Mechanistic insights into electric field-dependent polarization and kinetics of the elementary reaction NH + H2 → NH2 + H.

The elementary reaction NH + H2→ NH2 + H is a pivotal pathway in the NH3 reaction network, yet its polarization mechanism and kinetic parameters under external electric fields (EEFs) remain unexplored despite well-established equilibrium kinetics. Here, we employ CCSD(T)/CBS//M06-2X/6-311G(d,p) calculations and transition state theory to systematically investigate 23 EEF directions across 0.005-0.03 a.u., revealing cooperative control of reaction kinetics by the field direction and strength. Alignment with the reaction axis (e.g., -X, (-X, Y), and (-X, Y, -Z)) enhances rate constants by 4 orders of magnitude at 0.03 a.u., while misaligned planar fields suppress reactivity at 0.02 a.u. Crucially, field orientation governs product selectivity through charge transfer that exhibits exponential sensitivity to field strength. The molecular rearrangement induced by the EEFs ensures that the reaction proceeds along the most favorable path. As a result, three advantageous directions, (-X), (-X, Y), and (-X, Y, -Z), were selected for further analysis. By calculating the electronic structure and employing molecular orbital theory, valence bond theory and the quantum theory of atoms in molecules (QTAIM) method, it was found that the reaction responds to EEFs due to the initial regulation of molecular polarity and the influence of the electric field on the charge transfer during the reaction. The results also show that the dipole moment of the transition state is significantly reduced by EEFs in different (-X, Y, and -Z) directions, initially decreasing and then increasing with increasing field strength. The electrostatic potential distribution further illustrates the regulatory effect of different electric field directions on reaction products.

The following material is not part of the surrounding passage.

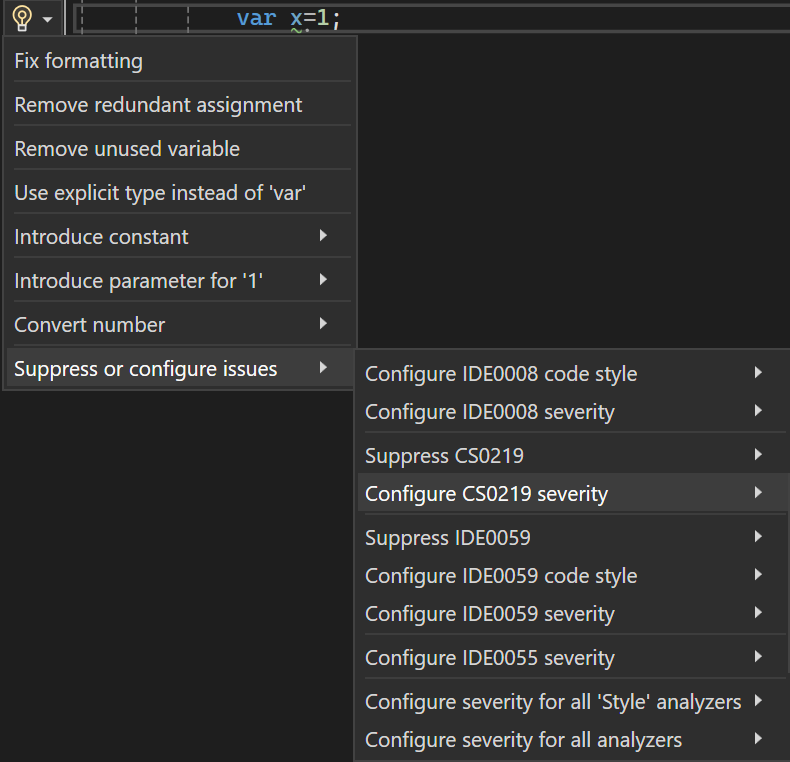 Capture d'écran montrant comment configurer la gravité de la règle à partir du menu Ampoule dans Visual Studio 2022.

Additionally, the EEFs along the reaction axis direction significantly lower the LUMO energy level of the transition state, which may reduce the probability of ionic/charge transfer state wavefunctions mixing into the transition state wavefunction. These findings establish a quantitative framework for leveraging EEFs to manipulate energy barriers and orbital interactions, offering mechanistic insights for optimizing product yields in EEF-driven ammonia reaction systems.